Quién decide si un edificio se ha convertido en símbolo. Para Bilbao lo serán esos tres, pero para los bilbaínos que asistimos a aquellas clases, gente de Iralabarri, Escurce, Torre Urizar, Rekalde, Juan de Garay, Zabala… que recorrimos pasillos repletos de azulejos y pisamos el suelo de baldosas, pedaleamos sobre triciclos por ese suelo cuando llovía, recibimos pelotazos en campo quemado y nos deslomamos con «chorro-morro-pico-tallo», nuestro icono se encuentra en el número 2 de la ahora calle Monasterio, donde transcurrió nuestra infancia.
Allí aprendimos a leer y a contar, a prepararnos para lo que vendría más tarde, a manejarnos entre amigos y algún que otro abusón (siempre los hubo), incluso a entender a estos últimos a ratos, porque su vida era bastante más complicada que la propia. A mezclarnos los de buenas notas con lo de malas, los hábiles con los torpes. A asumir que serías la última elegida en el reparto de equipos para fútbol y la primera en la goma. A no frustrarnos (o sí, pero aceptarlo) cuando el trabajo de manualidades no quedaba como lo habías planeado o invertías el doble de tiempo con las mates que se atragantaban, porque definitivamente una es de letras y lo ha sabido desde... desde la escuela.

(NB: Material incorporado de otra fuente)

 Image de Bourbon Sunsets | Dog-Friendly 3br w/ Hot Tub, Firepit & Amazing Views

Los símbolos deberían perdurar no solo en la memoria de las personas sino en la realidad tangible, con cada piedra y ladrillo que estructuran su cuerpo. Un edificio simbólico no lo es solo por su continente, sino por su contenido, y este en concreto albergó a muchos infantes que hoy nos hemos convertido en lo que quienes nos enseñaron esperaban, adultos responsables, la mejor inversión social. Porque la enseñanza pública garantiza una sociedad instruida para todas las personas, y una sociedad instruida se traduce en una sociedad capacitada para pensar, de ahí que los poderes públicos deberían defenderla por encima de otros intereses.

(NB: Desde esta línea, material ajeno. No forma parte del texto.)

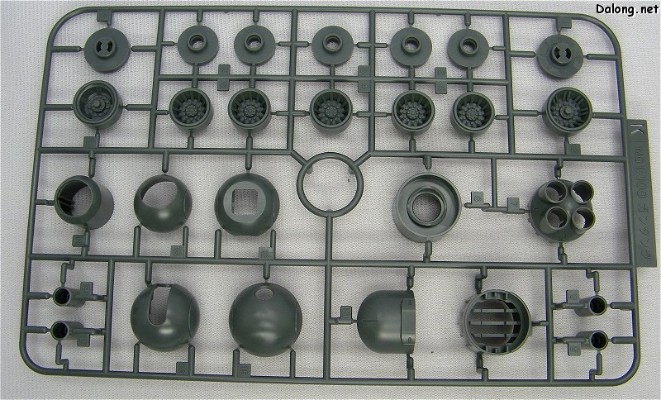 MG 1/100 机动战士高达  RX-75 钢坦克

El día 21 de mayo, a las 18:30 horas en la Casa-torre Urizar, asistiré al estreno del documental «Camacho: Una lección de memoria», que Enrique Vázquez ha preparado como parte de la Comisión para el Centenario de la Escuela Tomás Camacho. En él hablan antiguos alumnos y profesores que pasaron por ella. Lo haré acompañada de mi familia y nos emocionaremos seguro. Recordaré la inmensa labor de esas maestras y maestros que condujeron nuestra niñez a lo largo de décadas a favor –incluso algunas veces a pesar– de los planes de estudio determinados por cada gobierno. Y me acordaré de ellas, las mías, cuando escuche sus nombres en boca de alumnas que muchos años después todavía sienten su influencia con cariño. Veré escritos esos nombres que una vez trataron de eliminar por no ajustarse a los criterios imperantes y sabré que ya nadie podrá borrarlos de la pantalla y de la memoria. Ni con la mejor goma Milán.
Estreno del documental: «Camacho: Una lección de memoria». Casa-torre Urizar, 7 t 21 de mayo, 18:30 h.
Estreno del Ballet «Camacho 1925-2025». Música: Enrique Vázquez, coreografía y danza: Ainhoa Pardellas y Ane Zapirain. Escuelas de Camacho, 29 de mayo, 19:00 h.